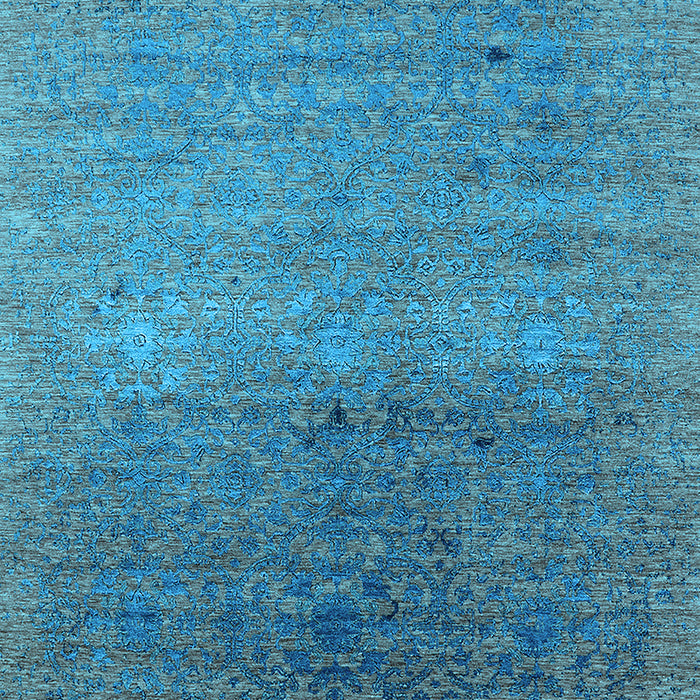 Machine Washable Oriental Light Blue Industrial Rug, wshurb2538lblu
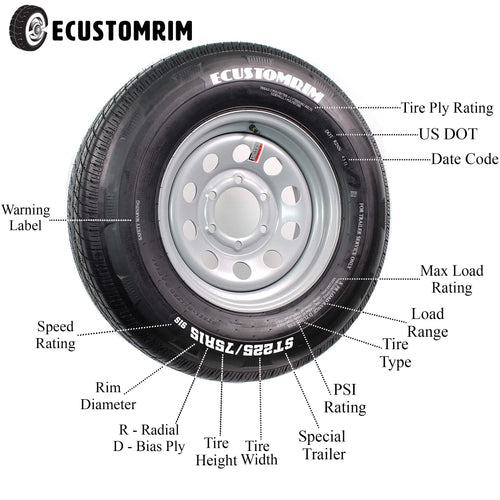 2-Pk Trailer Tire ST205/75R14 LRD O2632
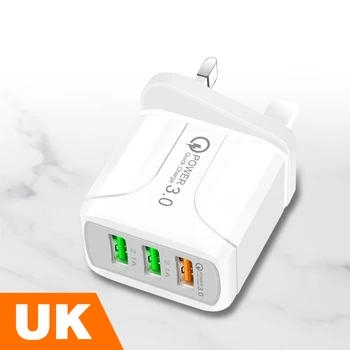 3.0 USB QC3.0 Quick Laadija EU/UK/US Pistik Seina Reisi Mobiiltelefoni Laadija Adapter IPhone X MAX 7 8 QC3.0 Kiirlaadija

◆ Activity: Word for word, repeat the lines of data above, omitting every picture.

◆ Task output:
 Machine Washable Oriental Light Blue Industrial Rug, wshurb2538lblu
 2-Pk Trailer Tire ST205/75R14 LRD O2632
 3.0 USB QC3.0 Quick Laadija EU/UK/US Pistik Seina Reisi Mobiiltelefoni Laadija Adapter IPhone X MAX 7 8 QC3.0 Kiirlaadija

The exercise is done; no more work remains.